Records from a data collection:
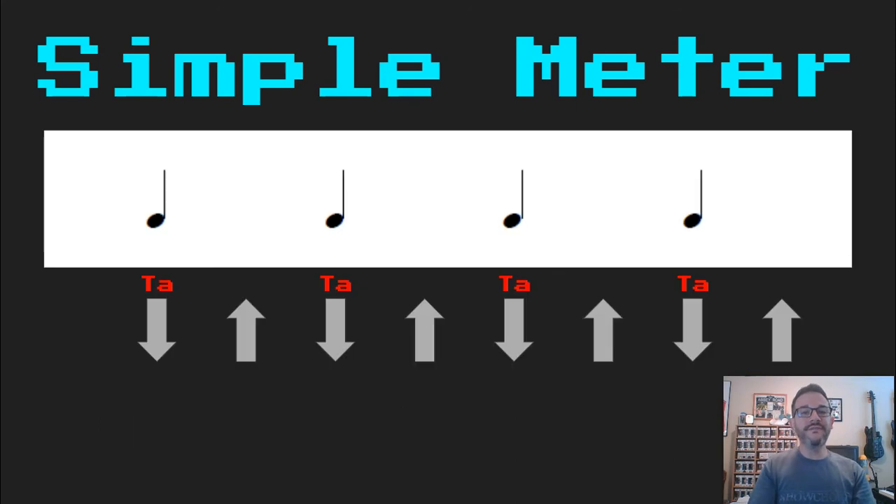Now we're going to use four-beat patterns because four is fun. So here we've got four quarter notes. Let's read that together: 'ta, ta, ta, ta, ta.'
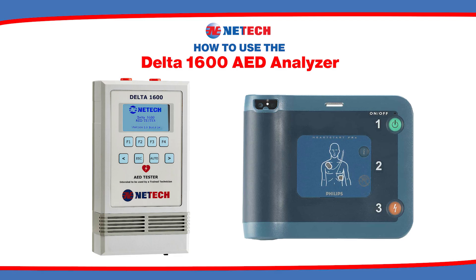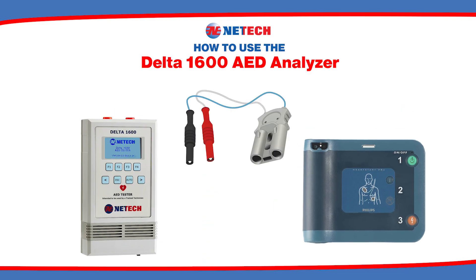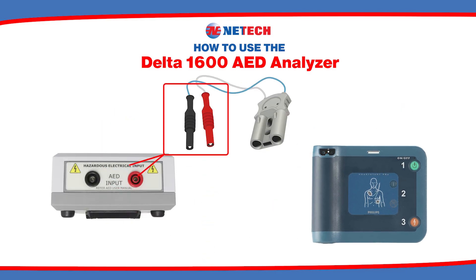To begin, power on both the AED and the Delta 1600. Connect the interface cable from the AED to the input on the top of the AED tester.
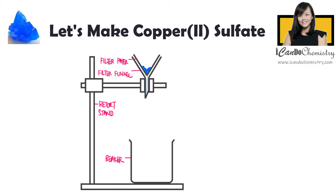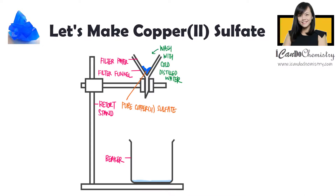Lastly, we will filter to collect the crystals. To remove the remaining impurities, we will wash with a little amount of cold water. We use cold water because copper-2-sulfate salt is soluble — we want to avoid dissolving the salt that we have made. Then we will dry the crystals between filter paper.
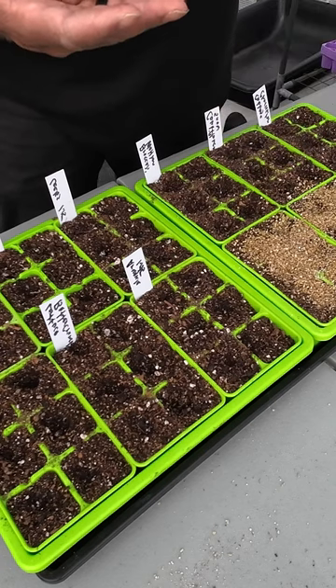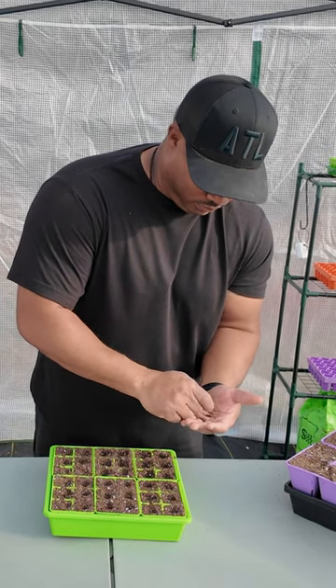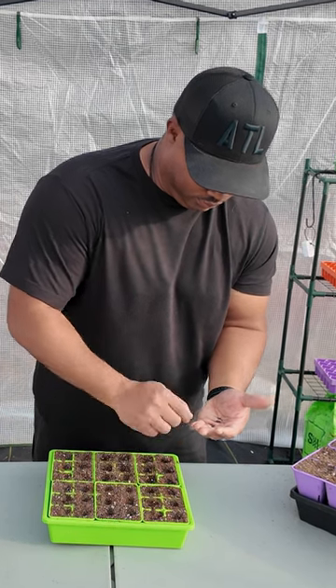These seeds will germinate in three to ten days. You'll want to sow them at approximately a half inch deep. Broccoli is a cold-tolerant vegetable, so I'll be sowing these outside about four to six weeks before my last frost.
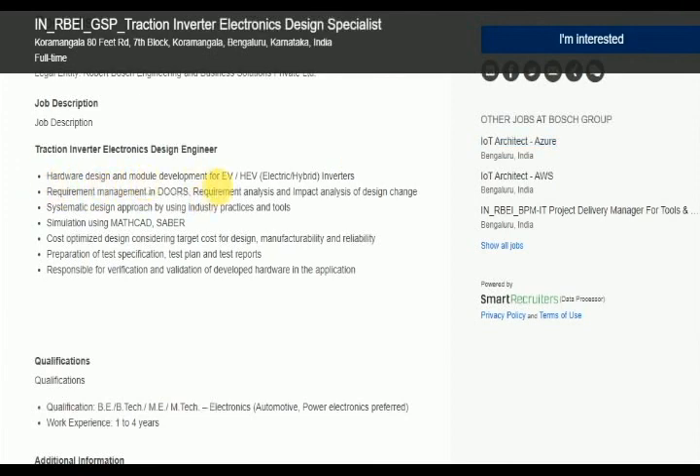Hardware Design and Model Development for EV/HEV Electric Hybrid vehicles. Required management of DORs, requires analysis and impact analysis of design changes, using industry practices and tools.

ACTIVITY — Repeat exactly the lines from the one containing "These seeds will" through the last line of the records above, both included, and leave out the pictures.

TASK SOLUTION —
These seeds will germinate in three to ten days. You'll want to sow them at approximately a half inch deep. Broccoli is a cold-tolerant vegetable, so I'll be sowing these outside about four to six weeks before my last frost.
Hardware Design and Model Development for EV/HEV Electric Hybrid vehicles. Required management of DORs, requires analysis and impact analysis of design changes, using industry practices and tools.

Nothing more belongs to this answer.